Human immunodeficiency virus; HIV; cerebrospinal fluid; CSF; viral control; viral escape; protease inhibitor monotherapy

Case Report

A 40 year old man, with well controlled HIV (CD4 533 cells/mm3 (45%) and undetectable viral load), but a prior history of complicated HIV/AIDS, presented with an eight day history of general malaise, chills, fevers and sweats, a mild dry cough and headache. His past history is significant for HIV diagnosed in 1983 and complicated by cerebral toxoplasmosis and PCP in the 1990s, Hepatitis B surface antigen positive, viral load undetectable, Hepatitis C antibody positive, RNA undetectable, hemophilia A and a remote seizure secondary to a subdural hematoma in 1995. From an antiretroviral drug perspective, he is treatment experienced, having received zidovudine (AZT) and zalcitabine (DDC) in 1993, which was subsequently switched to didanosine (DDI) and lamuvidine (3TC) which was then stopped. In 1995 he was initiated on saquinavir, lamivudine and DDC due to a CD4 of zero. Six months later, he continued to have detectable virus and was switched to stavudine (d4T), indinavir, 3TC and nevirapine without the benefit of genotype testing; viral suppression was achieved on this regimen. In 2005 his medications were changed to tenofovir, emtricitabine (FTC), nevirapine and indinavir. A year later atazanavir/ ritonavir was substituted for indinavir. In 2007, nevirapine was discontinued. Viral load remained undetectable since 1996 throughout these changes in therapy.

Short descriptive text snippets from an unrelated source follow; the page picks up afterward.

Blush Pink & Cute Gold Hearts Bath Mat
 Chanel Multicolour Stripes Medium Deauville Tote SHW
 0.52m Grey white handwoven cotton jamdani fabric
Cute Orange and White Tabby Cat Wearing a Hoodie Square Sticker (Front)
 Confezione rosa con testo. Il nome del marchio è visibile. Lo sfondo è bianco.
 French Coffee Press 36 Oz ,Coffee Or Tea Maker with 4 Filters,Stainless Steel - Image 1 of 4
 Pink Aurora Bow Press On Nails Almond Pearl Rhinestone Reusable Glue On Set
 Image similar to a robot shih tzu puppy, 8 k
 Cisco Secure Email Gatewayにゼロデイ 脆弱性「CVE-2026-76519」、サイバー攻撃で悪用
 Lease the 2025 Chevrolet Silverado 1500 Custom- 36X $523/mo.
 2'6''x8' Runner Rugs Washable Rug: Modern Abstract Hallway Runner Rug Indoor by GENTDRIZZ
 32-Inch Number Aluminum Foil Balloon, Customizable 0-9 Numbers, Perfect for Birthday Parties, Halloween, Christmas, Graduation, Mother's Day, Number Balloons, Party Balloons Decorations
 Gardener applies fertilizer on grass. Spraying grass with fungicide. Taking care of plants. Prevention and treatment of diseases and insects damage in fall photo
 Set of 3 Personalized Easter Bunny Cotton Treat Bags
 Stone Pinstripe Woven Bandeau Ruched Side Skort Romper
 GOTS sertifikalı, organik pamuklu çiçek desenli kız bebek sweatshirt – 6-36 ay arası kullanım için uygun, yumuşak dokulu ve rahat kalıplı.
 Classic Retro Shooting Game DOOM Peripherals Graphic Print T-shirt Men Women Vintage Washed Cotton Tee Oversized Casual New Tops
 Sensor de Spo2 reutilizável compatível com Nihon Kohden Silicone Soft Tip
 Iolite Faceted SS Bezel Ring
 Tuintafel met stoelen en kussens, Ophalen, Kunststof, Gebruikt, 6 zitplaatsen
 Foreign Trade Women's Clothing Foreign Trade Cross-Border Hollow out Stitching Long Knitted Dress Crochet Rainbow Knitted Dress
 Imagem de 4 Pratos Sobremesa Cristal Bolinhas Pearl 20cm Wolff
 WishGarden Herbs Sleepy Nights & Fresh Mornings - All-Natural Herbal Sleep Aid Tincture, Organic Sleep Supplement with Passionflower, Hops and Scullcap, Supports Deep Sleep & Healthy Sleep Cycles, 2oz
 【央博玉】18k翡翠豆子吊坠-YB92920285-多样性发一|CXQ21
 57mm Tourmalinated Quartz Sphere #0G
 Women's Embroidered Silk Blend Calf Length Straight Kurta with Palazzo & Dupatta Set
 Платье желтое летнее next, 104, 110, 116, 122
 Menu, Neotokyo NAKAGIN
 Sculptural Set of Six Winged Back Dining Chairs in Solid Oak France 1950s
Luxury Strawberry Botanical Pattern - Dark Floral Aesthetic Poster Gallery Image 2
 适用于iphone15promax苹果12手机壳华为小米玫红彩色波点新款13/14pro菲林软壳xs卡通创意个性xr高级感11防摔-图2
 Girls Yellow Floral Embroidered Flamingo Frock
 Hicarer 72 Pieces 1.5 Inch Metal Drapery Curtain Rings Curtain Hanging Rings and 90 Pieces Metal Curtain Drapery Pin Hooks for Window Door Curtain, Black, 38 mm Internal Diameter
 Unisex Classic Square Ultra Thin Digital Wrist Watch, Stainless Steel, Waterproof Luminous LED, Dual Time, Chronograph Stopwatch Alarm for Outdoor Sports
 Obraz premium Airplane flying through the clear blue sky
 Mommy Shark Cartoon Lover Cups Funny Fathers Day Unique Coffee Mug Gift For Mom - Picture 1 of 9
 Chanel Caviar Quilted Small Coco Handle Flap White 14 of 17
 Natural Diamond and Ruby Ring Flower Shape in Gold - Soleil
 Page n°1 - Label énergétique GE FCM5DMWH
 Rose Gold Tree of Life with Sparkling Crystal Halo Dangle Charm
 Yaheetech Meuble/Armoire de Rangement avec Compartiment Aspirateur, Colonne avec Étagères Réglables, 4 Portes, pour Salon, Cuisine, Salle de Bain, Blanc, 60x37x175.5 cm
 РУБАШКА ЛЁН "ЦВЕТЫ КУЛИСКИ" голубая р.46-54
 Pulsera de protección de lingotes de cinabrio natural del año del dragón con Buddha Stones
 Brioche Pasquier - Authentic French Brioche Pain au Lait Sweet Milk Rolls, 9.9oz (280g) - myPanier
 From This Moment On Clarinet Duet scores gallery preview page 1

On presentation with the acute febrile illness, initial work-up including a complete blood count with differential, blood cultures, chest radiograph and nasopharyngeal culture for bacteria and viruses was negative. Ten days after presentation, his symptoms had not resolved, with ongoing fevers to 38.5°C, myalgias and new lightheadedness. He was admitted, and an extensive work -up for possible etiology of his symptoms was unrevealing. CT of the sinuses, chest and abdomen was unremarkable. An investigation of potential infectious, inflammatory and neoplastic causes of fever, influenza, respiratory syncytial virus, tuberculosis, Epstein Barr virus, Cryptococcus, cytomegalovirus, Bartonella, Lyme, autoimmune disease, thyroxicosis, pulmonary embolism, and lymphoma, was negative. He was discharged with a working diagnosis of bupropion hypersensitivity.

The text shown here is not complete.